Are you a plotter or a pantser?
By the way, I can’t take credit for that wonderful word “pantser” – I first heard it at the Romantic Novelists’ Association conference in Greenwich in 2010, from the writer Kate Hardy. You can find Kate here, www.katehardy.com
A pantser is the opposite of a plotter – it means that you’re writing your novel by “the seat of your pants”, or “into the wind” (wind, pants… sorry, no pun intended!).
I’ll admit to being a plotter through and through, creating detailed outlines broken down chapter by chapter, which may each include the setting for that particular section, the characters in it, whose viewpoint it is, what needs to be researched further, etc. I sometimes also include the discoveries the characters will make and the emotions this will produce, words of dialogue I’ve already “written” in my head, and how the section will end, i.e. on a cliff-hanger, raising further questions for the characters, or on an emotional note. All of it colour-coded so I can reference it at a glance.
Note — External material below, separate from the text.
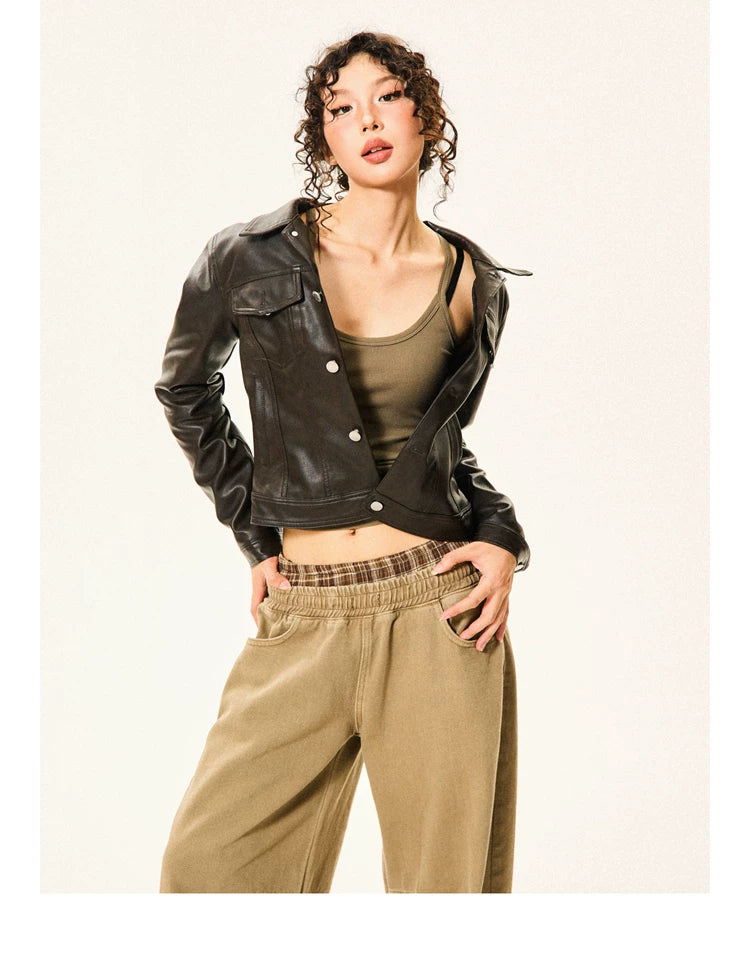 PU Leather Standing-Collar Short Jacket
Here’s an example of what one of my outlines may look like:
Well, I did say I like to be in control!
Do my characters ever surprise me? Sure they do, but I’m a hard taskmaster and quickly bring them to heel. Having said that, there are times when they insist on going in a different direction to where I want them to go, or saying something they weren’t meant to say. In such circumstances, no matter how hard I try, I can’t get them to toe the line, and I have to let them have their way. Despite my despair being the parent of such unruly children, interestingly the novel always works out for the better. It’s one of those weird and wonderful things about being a writer – you can plan your book, but you can also adapt when you have to.
And people who don’t write will think you’re off your trolley when you mention that you’ve just had a blazing row with someone who… er… doesn’t exist, but, hey, that’s par for the course.